──────── DATA FOR ANALYSIS ────────

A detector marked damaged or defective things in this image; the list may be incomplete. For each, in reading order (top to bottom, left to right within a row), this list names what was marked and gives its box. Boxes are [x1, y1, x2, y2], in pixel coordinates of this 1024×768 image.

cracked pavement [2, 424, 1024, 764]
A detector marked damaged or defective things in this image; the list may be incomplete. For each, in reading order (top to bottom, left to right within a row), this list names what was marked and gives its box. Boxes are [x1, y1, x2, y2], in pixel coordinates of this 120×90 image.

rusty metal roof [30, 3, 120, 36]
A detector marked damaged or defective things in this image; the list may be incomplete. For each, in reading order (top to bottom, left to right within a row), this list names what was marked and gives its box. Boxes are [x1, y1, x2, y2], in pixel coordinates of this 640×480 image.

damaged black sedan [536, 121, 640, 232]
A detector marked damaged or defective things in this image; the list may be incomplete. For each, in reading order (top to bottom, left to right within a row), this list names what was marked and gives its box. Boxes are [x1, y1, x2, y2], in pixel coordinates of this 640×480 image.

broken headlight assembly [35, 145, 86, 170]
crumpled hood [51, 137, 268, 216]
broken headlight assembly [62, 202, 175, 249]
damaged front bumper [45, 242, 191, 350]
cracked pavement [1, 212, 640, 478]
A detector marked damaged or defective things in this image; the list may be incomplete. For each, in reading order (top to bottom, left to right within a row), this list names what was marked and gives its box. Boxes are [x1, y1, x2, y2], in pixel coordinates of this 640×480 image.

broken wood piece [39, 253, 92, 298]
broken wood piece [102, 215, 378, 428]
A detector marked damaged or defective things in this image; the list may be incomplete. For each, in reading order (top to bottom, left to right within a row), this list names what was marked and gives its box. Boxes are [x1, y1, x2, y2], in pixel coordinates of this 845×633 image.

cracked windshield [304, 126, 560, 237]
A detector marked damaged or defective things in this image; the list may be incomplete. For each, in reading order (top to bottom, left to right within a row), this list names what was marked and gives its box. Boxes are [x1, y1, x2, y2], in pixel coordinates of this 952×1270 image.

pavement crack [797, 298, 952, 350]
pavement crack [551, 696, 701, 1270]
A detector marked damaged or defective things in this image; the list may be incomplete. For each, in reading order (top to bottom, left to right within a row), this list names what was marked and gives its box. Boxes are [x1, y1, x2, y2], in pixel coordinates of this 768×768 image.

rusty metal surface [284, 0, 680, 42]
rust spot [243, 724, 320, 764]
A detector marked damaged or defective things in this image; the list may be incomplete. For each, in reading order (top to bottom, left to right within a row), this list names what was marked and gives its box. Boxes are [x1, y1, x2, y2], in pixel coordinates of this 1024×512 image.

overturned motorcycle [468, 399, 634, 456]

────────

** WHAT TO PRODUCE **
All that is wanted is the lines from the one containing "this 952×1270 image." through the last line of the records, restated word for word.

** OUTPUT FOR THIS EXERCISE **
A detector marked damaged or defective things in this image; the list may be incomplete. For each, in reading order (top to bottom, left to right within a row), this list names what was marked and gives its box. Boxes are [x1, y1, x2, y2], in pixel coordinates of this 952×1270 image.

pavement crack [797, 298, 952, 350]
pavement crack [551, 696, 701, 1270]
A detector marked damaged or defective things in this image; the list may be incomplete. For each, in reading order (top to bottom, left to right within a row), this list names what was marked and gives its box. Boxes are [x1, y1, x2, y2], in pixel coordinates of this 768×768 image.

rusty metal surface [284, 0, 680, 42]
rust spot [243, 724, 320, 764]
A detector marked damaged or defective things in this image; the list may be incomplete. For each, in reading order (top to bottom, left to right within a row), this list names what was marked and gives its box. Boxes are [x1, y1, x2, y2], in pixel coordinates of this 1024×512 image.

overturned motorcycle [468, 399, 634, 456]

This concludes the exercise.